Try IBM StreamSets
This tutorial covers the steps needed to try IBM StreamSets. Although the tutorial provides a simple use case, keep in mind that IBM StreamSets enables you to build, run, and monitor large numbers of complex pipelines.
To complete this tutorial, you must have an existing IBM StreamSets account.

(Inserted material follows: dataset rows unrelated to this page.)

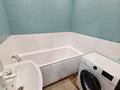 2-комнатная квартира · 50 м² · 4/5 этаж, 10мкр 8 за 17 млн ₸ в Аксае — фото 6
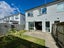 39 Hollowout Street, Takanini, Auckland - Carousel 10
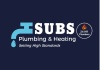 Subs Plumbing and Heating Limited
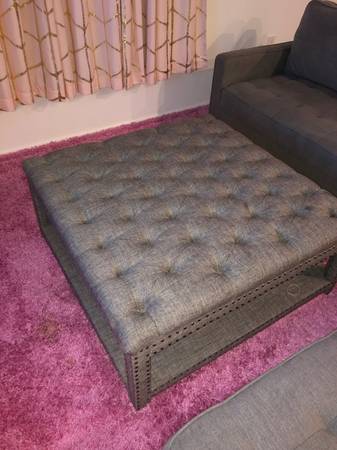 Safavieh California Shag rug 2 inch thick 1
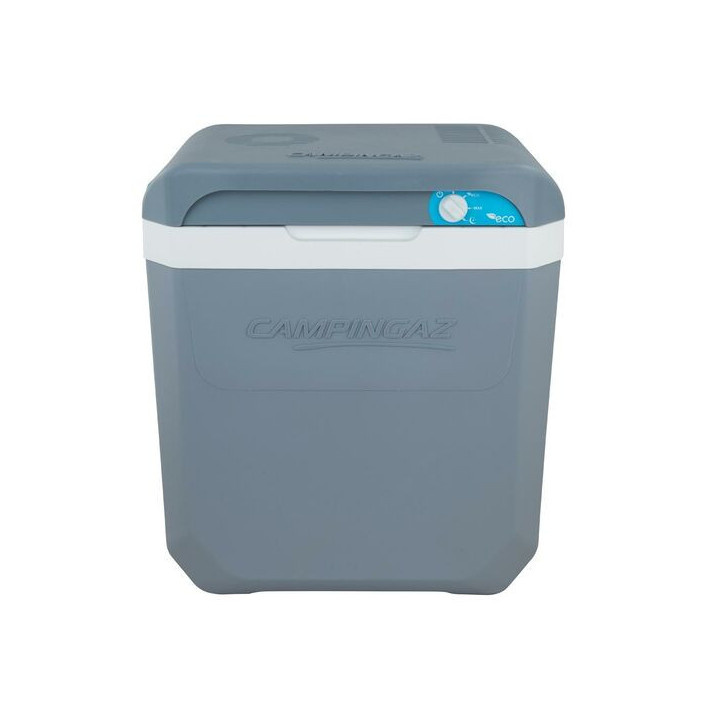 NEVERA TERMOELECTRICA POWERBOX PLUS 12VDC 230VAC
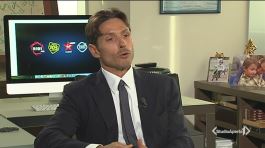 "E ora anche Radio Montecarlo..." thumbnail
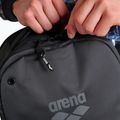 Рюкзак для плавання arena All Set Urban 30 л black 4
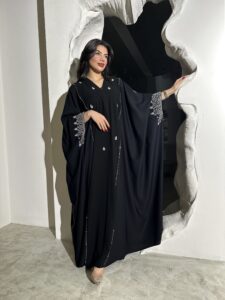 ⁦Silver Stones⁩ - الصورة ⁦3⁩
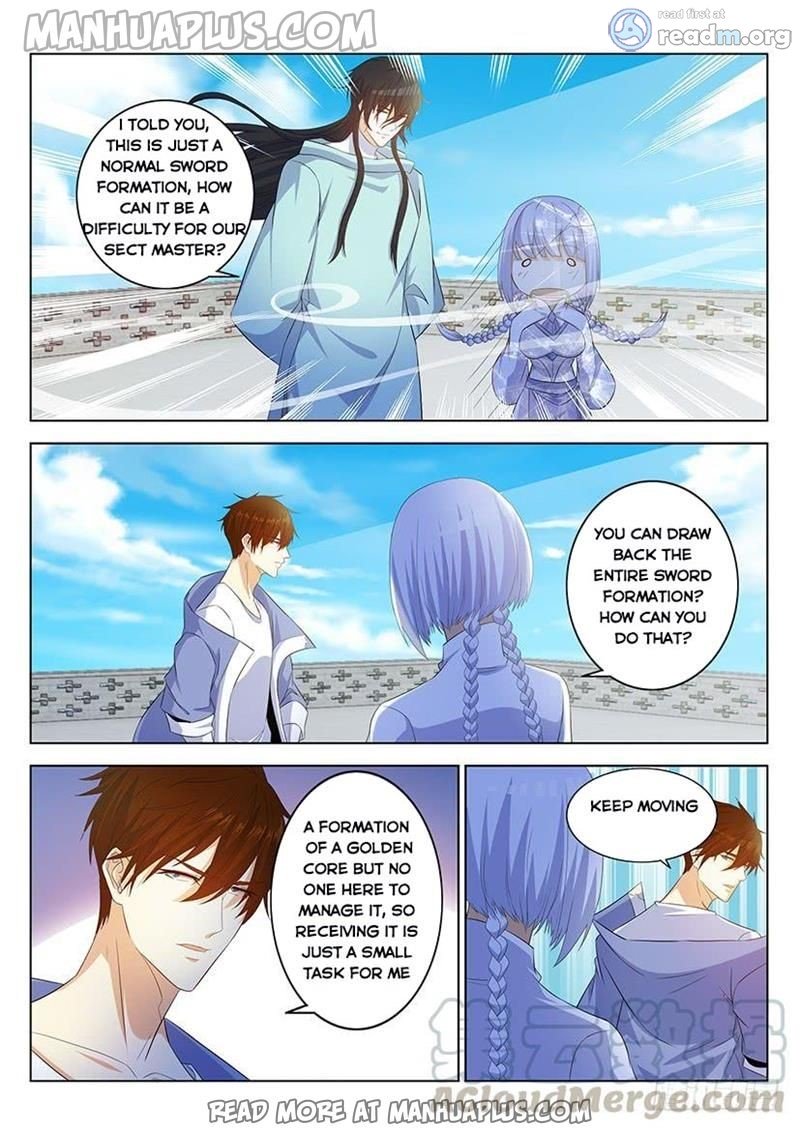 Page 6 of Chapter 339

If you do not have one, use the following URL to sign up for a free trial:
https://cloud.login.streamsets.com/signup
Build a Pipeline
Build a pipeline to define how data flows from origin to destination systems and how the data is processed along the way.
This tutorial builds a pipeline that reads a sample CSV file from an HTTP resource URL, processes the data to convert the data type of several fields, and then writes the data to a JSON file on your local machine.
The sample CSV file includes some invalid data, so you'll also see how errors are handled when you preview the pipeline.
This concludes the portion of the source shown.